Kimberly Peirce, best known for directing Hilary Swank in the her Oscar winning role in Boys Don’t Cry, will be directing the adaptation of Man’s Search for Meaning, the story of psychiatrist Viktor Frankl’s experience in a Holocaust concentration camp.
The book, which was written by Viktor Frankl in nine days and published in 1946, had sold more than 10 million copies in 24 languages at the time of Frankl’s death in 1997. His theory, known as ‘logotherapy’, from the Greek word logos (meaning ‘reason’ or ‘meaning’) believes that our primary drive in life is not pleasure, but the identifying and visualizing of what we each find personally meaningful. In the memoir, Frankl says, “What was really needed was a fundamental change in our attitude toward life.

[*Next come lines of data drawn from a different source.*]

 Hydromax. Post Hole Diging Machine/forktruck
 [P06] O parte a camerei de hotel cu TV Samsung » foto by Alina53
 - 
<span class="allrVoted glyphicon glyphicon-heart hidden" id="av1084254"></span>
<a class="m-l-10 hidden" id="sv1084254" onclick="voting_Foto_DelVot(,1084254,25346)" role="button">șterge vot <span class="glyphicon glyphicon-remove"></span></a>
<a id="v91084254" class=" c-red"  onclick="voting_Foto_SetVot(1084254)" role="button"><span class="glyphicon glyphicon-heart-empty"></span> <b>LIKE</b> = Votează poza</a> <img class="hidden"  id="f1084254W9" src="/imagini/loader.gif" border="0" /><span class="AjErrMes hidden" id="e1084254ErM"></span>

We had to learn ourselves and, furthermore, we had to teach the despairing men, that it did not really matter what we expected from life, but rather what life expected from us.”
Peirce is also known for directing the 2013 Carrie remake starring Julianne Moore and Chloë Grace Moretz, and the 2008 war drama Stop-Loss with Joseph Gordon-Levitt and Ryan Phillippe.

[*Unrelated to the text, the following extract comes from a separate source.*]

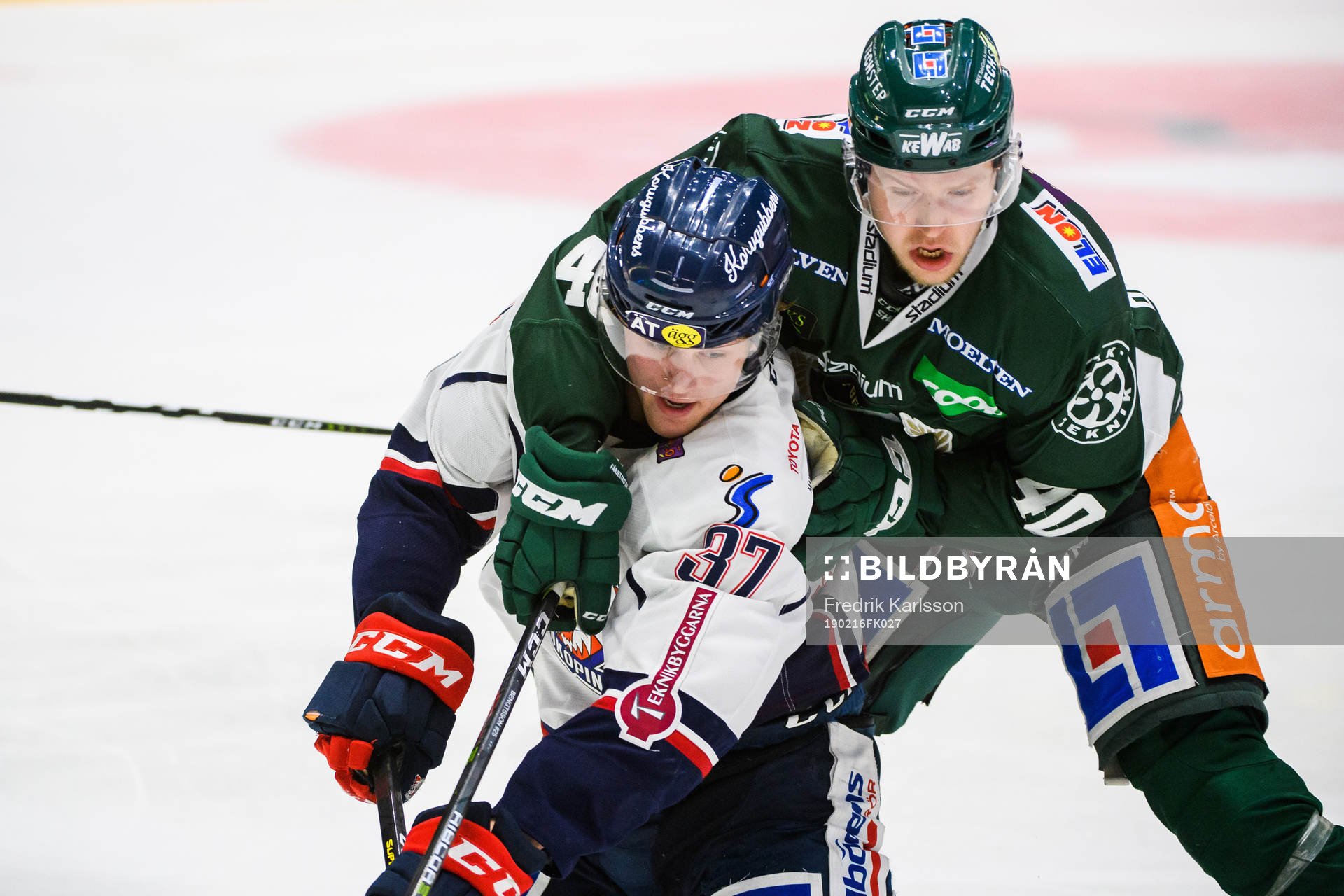 Linköpings Adam Ginning och Färjestads Christopher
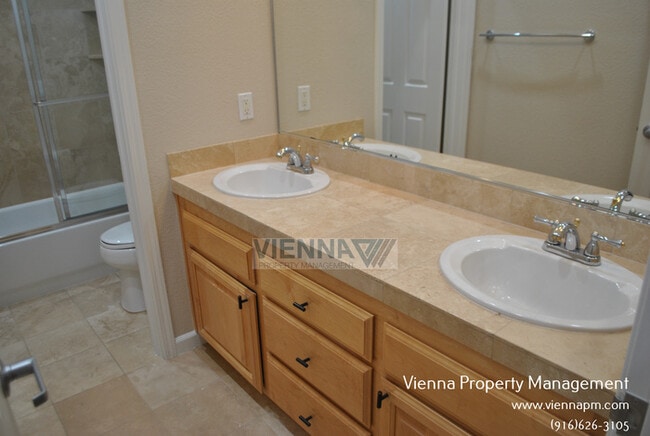 Building Photo - 3750 Jennieke Ct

Straight Up Films founders/producers Marisa Polvino and Kate Cohen will produce this new film, with Kevin Hall from the Frankl estate. Polvinio and Cohen have said in regards of the film,
This is a memoir that has actually changed lives, including ours, and has impacted generations in the way we look at the world and how we navigate its sometimes treacherous pathways.